An estimated 75 million people across Europe are victims of crime. While access to justice should be a given, that’s sadly more the exception than the norm. Whether in Europe or anywhere else, the structures designed to protect us are often the ones that fail us. Victims of crime struggle through the proverbial due process. Why the law adds to their trauma is beyond anyone’s understanding. Most victims of crime have their fundamental rights denied when reporting incidents. In addition, victim shaming is pervasive. So much so that many simply choose not to come forward. And there’s the crippling fear of retaliation that prevents many from seeking justice.
European Day for Victims of Crime aims to change this. Our task is to improve the service and support that victims receive from the point at which a crime is reported right through to their experience in the courtroom. The European Day for Victims of Crime gives us the push we need to ensure that the justice system doesn’t inflict more trauma on people already suffering.
With the launch of the new discussion paper and the implementation of its recommendations into national contexts VSE hopes to make it easier for everyone to access the justice system through support, information, and protection.
The aim of this event is to take the debate forward and explore the fundamentals of achieving safe justice system. The principles of safe justice and its application in practice will be outlined, followed by a consideration of what it may offer victims of crime. The aim of this discussion is therefore to explore the possibilities and to present approaches which may better serve victims and the community.

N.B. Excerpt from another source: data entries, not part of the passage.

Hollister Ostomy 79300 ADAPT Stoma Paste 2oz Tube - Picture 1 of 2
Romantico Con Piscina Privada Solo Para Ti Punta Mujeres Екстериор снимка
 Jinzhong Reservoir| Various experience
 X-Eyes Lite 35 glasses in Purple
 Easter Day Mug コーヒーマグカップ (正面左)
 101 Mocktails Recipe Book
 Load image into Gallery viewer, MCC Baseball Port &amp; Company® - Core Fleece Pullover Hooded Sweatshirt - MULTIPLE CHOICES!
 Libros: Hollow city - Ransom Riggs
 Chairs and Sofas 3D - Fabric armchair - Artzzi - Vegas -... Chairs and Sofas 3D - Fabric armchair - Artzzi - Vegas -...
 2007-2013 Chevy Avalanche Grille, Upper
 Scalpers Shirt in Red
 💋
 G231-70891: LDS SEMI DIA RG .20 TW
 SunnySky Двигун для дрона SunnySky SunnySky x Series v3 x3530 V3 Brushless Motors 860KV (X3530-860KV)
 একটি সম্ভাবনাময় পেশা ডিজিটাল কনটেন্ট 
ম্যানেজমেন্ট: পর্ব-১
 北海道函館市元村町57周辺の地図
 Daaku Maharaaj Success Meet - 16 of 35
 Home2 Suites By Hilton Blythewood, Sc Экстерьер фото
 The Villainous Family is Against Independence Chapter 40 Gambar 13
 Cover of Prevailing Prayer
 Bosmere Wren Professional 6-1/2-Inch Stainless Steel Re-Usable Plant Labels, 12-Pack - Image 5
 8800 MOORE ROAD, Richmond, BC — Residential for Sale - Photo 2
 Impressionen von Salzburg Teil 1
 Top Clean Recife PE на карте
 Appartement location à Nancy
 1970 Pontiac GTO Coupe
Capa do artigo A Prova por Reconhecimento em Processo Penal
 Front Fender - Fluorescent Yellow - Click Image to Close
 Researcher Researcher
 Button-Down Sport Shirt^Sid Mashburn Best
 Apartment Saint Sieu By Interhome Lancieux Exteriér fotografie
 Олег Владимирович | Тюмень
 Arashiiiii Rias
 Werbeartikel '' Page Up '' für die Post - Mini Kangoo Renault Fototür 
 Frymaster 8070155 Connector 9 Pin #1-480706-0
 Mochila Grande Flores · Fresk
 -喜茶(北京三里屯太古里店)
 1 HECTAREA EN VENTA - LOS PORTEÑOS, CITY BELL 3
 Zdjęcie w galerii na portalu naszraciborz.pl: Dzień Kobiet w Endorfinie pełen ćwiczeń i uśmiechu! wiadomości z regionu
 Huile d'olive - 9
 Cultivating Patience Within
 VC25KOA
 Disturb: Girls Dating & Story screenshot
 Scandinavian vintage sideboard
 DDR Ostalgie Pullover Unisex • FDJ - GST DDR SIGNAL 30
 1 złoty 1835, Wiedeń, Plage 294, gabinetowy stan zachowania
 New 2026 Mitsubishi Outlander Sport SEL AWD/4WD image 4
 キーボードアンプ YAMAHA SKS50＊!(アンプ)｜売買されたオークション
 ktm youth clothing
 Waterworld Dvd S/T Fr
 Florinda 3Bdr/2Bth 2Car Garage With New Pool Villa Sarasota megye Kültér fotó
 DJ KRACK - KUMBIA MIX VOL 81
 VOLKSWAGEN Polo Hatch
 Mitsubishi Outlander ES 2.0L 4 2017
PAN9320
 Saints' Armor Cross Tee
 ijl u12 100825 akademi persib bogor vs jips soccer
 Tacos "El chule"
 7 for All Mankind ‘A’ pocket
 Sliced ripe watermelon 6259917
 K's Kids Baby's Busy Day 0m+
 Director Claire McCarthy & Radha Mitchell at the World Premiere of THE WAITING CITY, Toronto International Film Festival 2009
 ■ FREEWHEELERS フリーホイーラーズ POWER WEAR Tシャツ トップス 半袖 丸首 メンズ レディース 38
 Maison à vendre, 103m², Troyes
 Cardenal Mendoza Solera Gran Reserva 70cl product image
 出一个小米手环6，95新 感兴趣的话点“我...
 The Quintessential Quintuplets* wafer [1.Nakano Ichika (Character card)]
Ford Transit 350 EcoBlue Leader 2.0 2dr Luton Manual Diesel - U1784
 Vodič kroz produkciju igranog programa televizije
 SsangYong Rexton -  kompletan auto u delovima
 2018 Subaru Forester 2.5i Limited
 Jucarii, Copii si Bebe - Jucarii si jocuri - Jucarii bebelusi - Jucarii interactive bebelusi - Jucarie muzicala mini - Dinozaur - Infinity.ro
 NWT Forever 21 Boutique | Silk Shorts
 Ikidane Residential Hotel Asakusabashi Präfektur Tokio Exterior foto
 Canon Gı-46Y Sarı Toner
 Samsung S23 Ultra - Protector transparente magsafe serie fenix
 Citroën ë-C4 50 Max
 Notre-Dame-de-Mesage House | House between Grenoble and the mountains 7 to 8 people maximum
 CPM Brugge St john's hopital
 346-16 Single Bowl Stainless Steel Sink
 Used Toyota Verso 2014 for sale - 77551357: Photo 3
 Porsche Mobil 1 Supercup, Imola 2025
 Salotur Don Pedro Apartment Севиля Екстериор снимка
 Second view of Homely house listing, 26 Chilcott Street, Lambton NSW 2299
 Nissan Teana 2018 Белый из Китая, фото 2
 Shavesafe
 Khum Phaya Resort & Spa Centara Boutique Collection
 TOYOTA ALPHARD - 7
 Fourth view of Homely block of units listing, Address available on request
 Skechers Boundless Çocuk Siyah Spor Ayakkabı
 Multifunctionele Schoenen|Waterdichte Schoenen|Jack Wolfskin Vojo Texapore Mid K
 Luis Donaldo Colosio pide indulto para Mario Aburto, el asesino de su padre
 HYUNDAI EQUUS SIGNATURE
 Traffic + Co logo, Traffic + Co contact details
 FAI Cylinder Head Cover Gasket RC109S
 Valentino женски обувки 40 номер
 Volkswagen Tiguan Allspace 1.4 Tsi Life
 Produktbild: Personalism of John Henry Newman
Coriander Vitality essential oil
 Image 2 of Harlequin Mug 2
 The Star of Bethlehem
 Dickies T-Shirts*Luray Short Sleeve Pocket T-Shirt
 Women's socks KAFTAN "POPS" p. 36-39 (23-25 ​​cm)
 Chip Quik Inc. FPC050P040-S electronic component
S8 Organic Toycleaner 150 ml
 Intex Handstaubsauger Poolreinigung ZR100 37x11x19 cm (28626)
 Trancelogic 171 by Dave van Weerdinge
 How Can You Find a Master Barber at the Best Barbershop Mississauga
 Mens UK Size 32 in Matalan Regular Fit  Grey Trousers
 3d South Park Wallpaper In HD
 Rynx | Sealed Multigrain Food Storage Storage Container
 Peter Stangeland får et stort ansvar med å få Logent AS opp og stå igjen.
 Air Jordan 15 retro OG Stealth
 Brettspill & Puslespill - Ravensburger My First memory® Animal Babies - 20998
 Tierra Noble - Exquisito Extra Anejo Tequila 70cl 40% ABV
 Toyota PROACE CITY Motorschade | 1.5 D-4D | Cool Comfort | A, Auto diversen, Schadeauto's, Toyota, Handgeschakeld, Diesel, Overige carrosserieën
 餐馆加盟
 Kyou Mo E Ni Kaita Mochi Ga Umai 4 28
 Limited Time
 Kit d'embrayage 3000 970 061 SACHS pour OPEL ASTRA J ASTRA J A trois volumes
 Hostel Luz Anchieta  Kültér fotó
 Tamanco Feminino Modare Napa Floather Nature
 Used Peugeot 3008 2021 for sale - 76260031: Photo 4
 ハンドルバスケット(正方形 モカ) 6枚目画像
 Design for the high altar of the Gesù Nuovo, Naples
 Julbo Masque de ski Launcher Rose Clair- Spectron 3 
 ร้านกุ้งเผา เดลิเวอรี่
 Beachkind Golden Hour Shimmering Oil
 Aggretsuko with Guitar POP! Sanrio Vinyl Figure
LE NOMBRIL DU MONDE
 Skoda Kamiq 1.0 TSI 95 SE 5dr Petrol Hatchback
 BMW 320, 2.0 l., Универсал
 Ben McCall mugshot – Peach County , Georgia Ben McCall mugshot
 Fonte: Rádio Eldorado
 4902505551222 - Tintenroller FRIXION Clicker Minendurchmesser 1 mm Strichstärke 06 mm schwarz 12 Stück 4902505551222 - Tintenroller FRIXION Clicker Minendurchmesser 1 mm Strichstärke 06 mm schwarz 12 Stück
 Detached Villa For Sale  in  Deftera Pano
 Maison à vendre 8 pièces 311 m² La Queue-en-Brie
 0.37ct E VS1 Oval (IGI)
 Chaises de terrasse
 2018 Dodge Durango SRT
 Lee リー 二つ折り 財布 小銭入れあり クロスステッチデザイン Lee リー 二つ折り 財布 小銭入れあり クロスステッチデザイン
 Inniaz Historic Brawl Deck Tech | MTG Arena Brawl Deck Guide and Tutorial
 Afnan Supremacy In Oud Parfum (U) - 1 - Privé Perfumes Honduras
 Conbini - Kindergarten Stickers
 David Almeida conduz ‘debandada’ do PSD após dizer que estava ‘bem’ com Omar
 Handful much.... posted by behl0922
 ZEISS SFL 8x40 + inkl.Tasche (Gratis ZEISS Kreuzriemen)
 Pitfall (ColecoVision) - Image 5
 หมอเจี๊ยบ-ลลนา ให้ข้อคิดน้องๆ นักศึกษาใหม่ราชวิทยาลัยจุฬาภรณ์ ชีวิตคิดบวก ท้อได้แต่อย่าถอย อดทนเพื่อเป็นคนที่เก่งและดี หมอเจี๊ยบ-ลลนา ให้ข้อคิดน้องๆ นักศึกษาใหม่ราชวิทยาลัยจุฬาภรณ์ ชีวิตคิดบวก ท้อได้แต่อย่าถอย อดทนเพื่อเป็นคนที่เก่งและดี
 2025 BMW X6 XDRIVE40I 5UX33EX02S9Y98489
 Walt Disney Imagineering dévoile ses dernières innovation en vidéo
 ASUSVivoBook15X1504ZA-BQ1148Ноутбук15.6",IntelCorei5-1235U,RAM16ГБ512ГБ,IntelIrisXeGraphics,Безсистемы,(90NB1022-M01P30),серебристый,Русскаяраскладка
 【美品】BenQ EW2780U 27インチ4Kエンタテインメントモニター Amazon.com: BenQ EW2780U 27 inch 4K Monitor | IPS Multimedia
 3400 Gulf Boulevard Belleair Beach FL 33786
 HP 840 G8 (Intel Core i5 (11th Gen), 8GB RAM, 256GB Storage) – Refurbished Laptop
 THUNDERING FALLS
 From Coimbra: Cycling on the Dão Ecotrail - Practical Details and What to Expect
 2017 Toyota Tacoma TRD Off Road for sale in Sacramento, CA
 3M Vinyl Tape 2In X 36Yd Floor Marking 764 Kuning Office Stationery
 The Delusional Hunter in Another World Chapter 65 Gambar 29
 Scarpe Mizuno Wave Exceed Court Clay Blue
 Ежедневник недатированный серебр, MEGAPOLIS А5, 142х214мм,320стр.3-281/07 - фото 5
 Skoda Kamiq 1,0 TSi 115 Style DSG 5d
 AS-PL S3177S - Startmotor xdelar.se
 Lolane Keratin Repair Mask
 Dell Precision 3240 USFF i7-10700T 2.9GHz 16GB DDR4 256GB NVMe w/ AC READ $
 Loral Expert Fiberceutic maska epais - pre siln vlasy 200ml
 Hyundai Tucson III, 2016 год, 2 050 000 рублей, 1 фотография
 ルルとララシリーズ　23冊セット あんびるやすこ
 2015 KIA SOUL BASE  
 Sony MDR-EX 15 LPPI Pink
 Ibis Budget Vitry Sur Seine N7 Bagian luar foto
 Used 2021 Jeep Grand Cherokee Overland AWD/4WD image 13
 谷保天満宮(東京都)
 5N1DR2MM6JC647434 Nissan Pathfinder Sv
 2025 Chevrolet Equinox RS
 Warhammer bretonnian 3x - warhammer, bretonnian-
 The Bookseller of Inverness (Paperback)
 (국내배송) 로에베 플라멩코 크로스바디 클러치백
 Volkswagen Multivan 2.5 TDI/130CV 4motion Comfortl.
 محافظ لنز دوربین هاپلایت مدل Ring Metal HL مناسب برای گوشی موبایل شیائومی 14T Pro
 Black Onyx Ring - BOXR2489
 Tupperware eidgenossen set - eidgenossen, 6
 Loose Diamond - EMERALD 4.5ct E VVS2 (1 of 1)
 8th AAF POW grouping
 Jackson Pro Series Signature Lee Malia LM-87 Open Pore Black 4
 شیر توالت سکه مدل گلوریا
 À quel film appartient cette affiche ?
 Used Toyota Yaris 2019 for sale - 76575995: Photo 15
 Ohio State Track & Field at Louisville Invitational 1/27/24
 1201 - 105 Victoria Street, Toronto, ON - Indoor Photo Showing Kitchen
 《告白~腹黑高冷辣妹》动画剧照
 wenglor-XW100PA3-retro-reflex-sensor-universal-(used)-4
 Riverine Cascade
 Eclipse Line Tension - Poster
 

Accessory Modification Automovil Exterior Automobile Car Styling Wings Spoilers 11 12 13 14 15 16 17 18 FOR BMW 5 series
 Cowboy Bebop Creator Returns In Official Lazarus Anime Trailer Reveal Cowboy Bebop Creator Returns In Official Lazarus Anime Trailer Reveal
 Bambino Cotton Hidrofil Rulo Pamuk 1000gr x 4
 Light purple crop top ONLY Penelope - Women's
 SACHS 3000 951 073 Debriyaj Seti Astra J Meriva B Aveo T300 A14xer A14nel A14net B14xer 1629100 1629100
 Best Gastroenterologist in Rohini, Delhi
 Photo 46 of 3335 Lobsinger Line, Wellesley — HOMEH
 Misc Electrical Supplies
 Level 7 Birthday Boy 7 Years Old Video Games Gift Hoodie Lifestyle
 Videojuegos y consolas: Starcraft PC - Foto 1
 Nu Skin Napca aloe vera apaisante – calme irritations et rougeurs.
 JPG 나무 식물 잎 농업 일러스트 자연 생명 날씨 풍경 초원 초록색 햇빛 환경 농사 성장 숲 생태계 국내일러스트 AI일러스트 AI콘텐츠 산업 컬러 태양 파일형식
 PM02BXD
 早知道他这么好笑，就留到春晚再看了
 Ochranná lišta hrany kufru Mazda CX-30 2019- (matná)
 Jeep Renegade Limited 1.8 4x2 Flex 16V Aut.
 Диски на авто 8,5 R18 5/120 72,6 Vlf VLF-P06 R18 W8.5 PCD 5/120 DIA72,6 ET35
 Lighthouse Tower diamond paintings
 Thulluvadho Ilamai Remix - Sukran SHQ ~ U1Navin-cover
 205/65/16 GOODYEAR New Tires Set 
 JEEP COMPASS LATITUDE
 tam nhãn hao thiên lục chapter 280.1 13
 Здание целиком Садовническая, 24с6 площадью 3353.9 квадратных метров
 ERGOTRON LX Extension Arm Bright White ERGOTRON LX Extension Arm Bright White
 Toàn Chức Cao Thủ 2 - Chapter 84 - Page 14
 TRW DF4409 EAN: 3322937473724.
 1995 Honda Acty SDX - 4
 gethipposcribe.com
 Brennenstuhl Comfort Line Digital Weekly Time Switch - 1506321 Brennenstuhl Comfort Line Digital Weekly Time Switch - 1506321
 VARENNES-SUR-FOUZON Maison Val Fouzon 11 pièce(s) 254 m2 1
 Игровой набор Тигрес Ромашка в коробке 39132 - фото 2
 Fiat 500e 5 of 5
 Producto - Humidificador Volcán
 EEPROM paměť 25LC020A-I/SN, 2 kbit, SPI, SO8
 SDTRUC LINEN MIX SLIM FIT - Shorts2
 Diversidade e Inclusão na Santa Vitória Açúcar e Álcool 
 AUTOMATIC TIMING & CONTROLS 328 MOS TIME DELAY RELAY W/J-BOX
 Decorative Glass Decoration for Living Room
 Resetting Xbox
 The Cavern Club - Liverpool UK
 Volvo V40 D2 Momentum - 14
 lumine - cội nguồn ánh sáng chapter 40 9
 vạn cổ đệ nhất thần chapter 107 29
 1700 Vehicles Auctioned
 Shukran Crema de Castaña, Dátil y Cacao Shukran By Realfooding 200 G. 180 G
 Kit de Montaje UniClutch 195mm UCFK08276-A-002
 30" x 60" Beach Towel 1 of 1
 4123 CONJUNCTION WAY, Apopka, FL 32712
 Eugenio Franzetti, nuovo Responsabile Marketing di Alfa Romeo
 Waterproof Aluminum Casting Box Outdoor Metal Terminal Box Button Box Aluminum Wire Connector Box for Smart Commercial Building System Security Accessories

This event will provide an opportunity for leading experts from different professional backgrounds (victim advocates, academics, victim support workers, policy makers, judges, prosecutors) to examine notions of justice, the role assigned to victims in criminal proceedings and how the implementation of victims’ rights impacts that role. We also reflect on the needs of victims following a crime and how crime affects victims; and, finally, we will address victim-centric approaches to the practical barriers faced by victims. We will subsequently explore what is required to make our criminal justice systems truly effective.